Christopher Steele, the former MI6 agent behind the salacious dossier on US President Donald Trump, earned nearly $600,000, the Daily Mail reported.

According to the report, accounts for Steele's company Orbis Business International disclose that he and his business partner Christopher Burrows shared £868,000 (nearly $1.2 million) in dividend payouts over two years.

They each own 50 percent of the company, which means they received £434,000 ($590,000) each.

In addition, Steele and Burrows also run another company Orbis Intelligence Limited, which more than doubled its profits last year and paid dividends to Orbis Business International, which in turn paid the money to the owners, according to the Daily Mail.

The Trump-Russia dossier was first published by BuzzFeed a few days before his inauguration in January, 2017.

The document was written by Steele, who was hired by the research firm Fusion GPS, which later turned out to have received funding from the Hillary Clinton campaign. In October, The Washington Post reported the Clinton campaign and the Democratic National Committee (DNC) had helped fund Fusion GPS' research on Trump's alleged ties with Russia.

Fusion GPS was originally hired to do research during the 2016 Republican primary campaign for a still unknown Republican donor who wanted to defeat Trump.

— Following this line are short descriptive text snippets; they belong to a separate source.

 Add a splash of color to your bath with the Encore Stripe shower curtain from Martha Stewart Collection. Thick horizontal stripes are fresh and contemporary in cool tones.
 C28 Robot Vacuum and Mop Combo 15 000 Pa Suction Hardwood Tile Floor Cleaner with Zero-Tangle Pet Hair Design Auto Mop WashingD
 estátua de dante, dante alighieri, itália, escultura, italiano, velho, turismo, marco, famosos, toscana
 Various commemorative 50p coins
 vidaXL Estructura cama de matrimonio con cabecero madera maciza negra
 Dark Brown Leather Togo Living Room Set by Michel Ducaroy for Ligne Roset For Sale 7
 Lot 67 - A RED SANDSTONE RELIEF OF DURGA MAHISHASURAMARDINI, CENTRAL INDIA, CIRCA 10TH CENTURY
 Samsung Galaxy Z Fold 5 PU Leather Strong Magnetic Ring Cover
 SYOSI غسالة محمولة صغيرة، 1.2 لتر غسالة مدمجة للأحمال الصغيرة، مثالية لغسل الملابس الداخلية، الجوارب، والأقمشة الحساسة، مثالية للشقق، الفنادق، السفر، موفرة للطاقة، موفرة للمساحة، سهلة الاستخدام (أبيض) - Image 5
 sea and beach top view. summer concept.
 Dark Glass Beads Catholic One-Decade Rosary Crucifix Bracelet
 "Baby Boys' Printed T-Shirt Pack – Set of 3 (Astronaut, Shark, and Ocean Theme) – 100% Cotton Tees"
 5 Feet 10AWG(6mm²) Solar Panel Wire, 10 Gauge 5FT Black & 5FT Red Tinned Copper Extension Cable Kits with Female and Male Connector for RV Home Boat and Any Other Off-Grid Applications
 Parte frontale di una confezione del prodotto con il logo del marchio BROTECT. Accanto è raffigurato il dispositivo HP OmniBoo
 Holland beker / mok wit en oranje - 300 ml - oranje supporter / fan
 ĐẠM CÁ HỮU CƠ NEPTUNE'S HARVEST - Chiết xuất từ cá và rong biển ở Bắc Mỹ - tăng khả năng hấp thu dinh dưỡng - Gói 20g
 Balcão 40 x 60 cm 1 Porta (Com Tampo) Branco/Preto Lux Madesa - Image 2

In particular, the document alleged that the Russian government had compromising information on Trump, which has been denied by the US president and called a forgery by Moscow.

In December, Trump called the dossier "bogus" and a "Crooked Hillary pile of garbage" which his opponents tried to use to derail his campaign.

At the moment, two separate probes - dubbed a "witch hunt" by the US president - are being conducted by the US Senate and Special Counsel Robert Mueller into the Trump campaign's alleged "collusion" with Moscow, a claim that has been called "groundless" by the Kremlin.